Novel therapeutic strategies for malignant salivary gland tumors: lessons learned from breast cancer

Abstract

Malignant salivary gland tumors (MSGTs) account for 2-6% of all head and neck cancers. Despite the rarity, MSGTs have been of great interest due to a wide variety of pathological features and high metastasis rates resulting in poor prognosis. Surgical resection followed by radiation therapy represents the main treatment of this malignancy. Adjuvant therapy is reserved for the management of local recurrence, no longer amenable to additional local therapy, and for metastasis. Based on the studies from other types of tumors, particularly breast cancer, the expression and function of sex steroid hormone receptors in cancer have been extensively studied and applied to diagnosis and treatment.

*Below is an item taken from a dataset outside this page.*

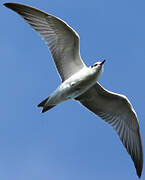 Black Tern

Although a number of studies in MSGTs have been published, the rationale for hormone therapy is still controversial due to the disparate results and insufficient number of cases. However, some recent reports have demonstrated that certain salivary gland neoplasms are similar to breast cancer, not only in terms of the pathological features, but also at the molecular level. Here, we shed light on the biological similarity between MSGTs and certain types of breast cancer, and describe the potential use of hormone and additional therapies for MSGTs.

Figure 1

Histological comparison of malignant salivary and mammary gland tumors. Salivary glands and mammary glands are both tubuloacinar exocrine tissues sharing similar morphological features. It is, therefore, expected that the tumors originating from these two different glands would show similarities in their response to hormonal treatment.

Figure 2

Pg suppresses proliferation and invasion of both salivary gland and breast cancer cells. In our recent studies, the inhibitory effect of Pg on the proliferative and invasive activities of the salivary gland and breast tumor cells was demonstrated, suggesting some common mechanisms. In both types of cancers, expression of Id-1 and c-myc was downregulated after Pg treatment, whereas p21 expression level was upregulated.